Convert the gangsters
Pope Francis assumed a great risk to his personal safety when he issued a strong condemnation of organised crime at a Mass in southern Italy in June. The pope was speaking in the region of Calabria, a stronghold of the ’Ndrangheta crime syndicate which is said to be even more powerful and richer than the Sicilian mafia. So when he declared these criminals “excommunicated”, to the loud applause of the 250,000 people at the Mass, the pope — and with that the Catholic Church — made powerful enemies.
Pope Francis uses incense as he celebrates a Mass attended by 250,000 people in Sibari, in Italy’s Calabria region. During his homily, the pope said “mafiosi” are not in communion with God and are excommunicated. The Calabria region is home of t he ‘Ndrangheta crime organization, known for drug trafficking. (CNS photo/Paul Haring)
The pope courageously said what needed to be explicitly stated, and thereby offered those suffering under the weight of crime the Church’s solidarity and encouragement.
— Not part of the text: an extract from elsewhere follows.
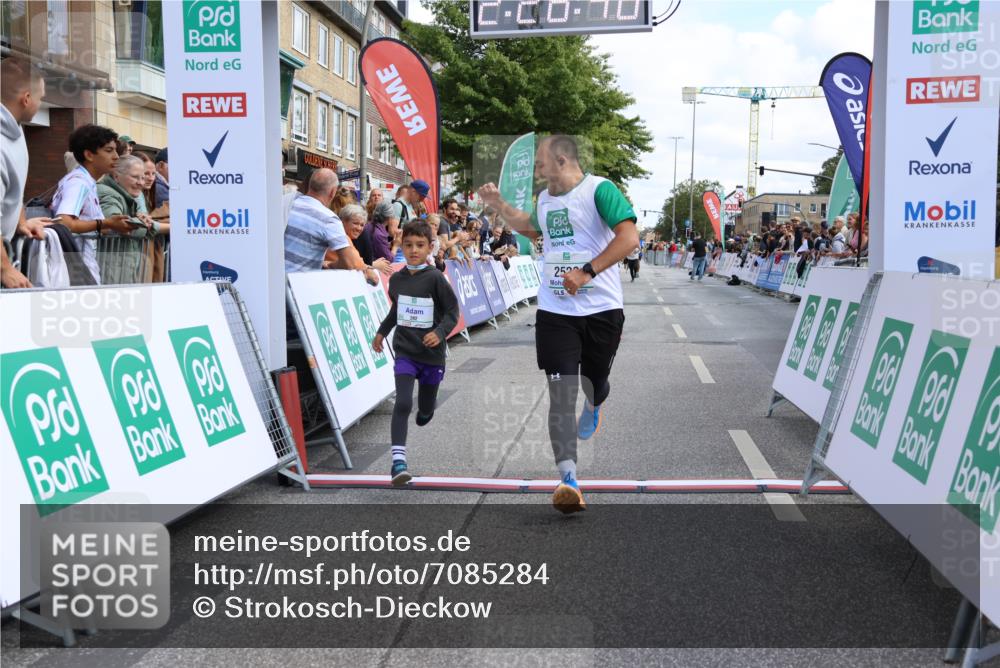 15.09.2024 - PSD Bank Halbmarathon Strokosch-Dieckow http://msf.ph/oto/7085284 15.09.2024 12:27:39 Ziel 2528, 2812, 3288 meine-sportfotos.de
What goes for the ‘Ndrangheta goes for all organised crime. When Pope Francis defined the Calabrian syndicate as representing “the adoration of evil and contempt for the common good”, he was also addressing the crime syndicates of Palermo and New York, of Lagos and Hong Kong, Moscow, Juárez, São Paulo, Bangkok and throughout the world.
And he also addressed the gangs that terrorise the communities of Johannesburg, Pretoria, Durban, Cape Town, Bloemfontein, East London, Polokwane, Port Elizabeth and throughout South Africa.
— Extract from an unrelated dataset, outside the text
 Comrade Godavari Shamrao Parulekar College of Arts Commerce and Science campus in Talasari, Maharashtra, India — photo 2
To all of these, from the Gucci-suited godfathers to the gun-wielding street gangsters, Pope Francis addressed these words: “Those who follow the path of evil, like the mafiosi do, are not in communion with God; they are excommunicated!”
He made it clear that personal piety does not compensate for an evil lifestyle. Even if the mob families or gangsters go to Mass and decorate their homes and lairs with religious images and items, he said, they have cut themselves off from communion with the Church and with God. They cannot be regarded as Catholics in good standing, and this may compromise their access to certain sacraments.
The secular media, not versed in the finer points of canon law, misunderstood the pope’s words as representing a formal decree of excommunication, akin to an ayatollah’s fatwa (though, obviously, much more welcome).
The pope has no power to issue a formal collective excommunication except through a due process involving an official declaration by the Church of an interdict being placed upon a guilty party. Such excommunications are known as ferendae sententiae (“sentence to be passed”) and usually involve matters of theology or dogma.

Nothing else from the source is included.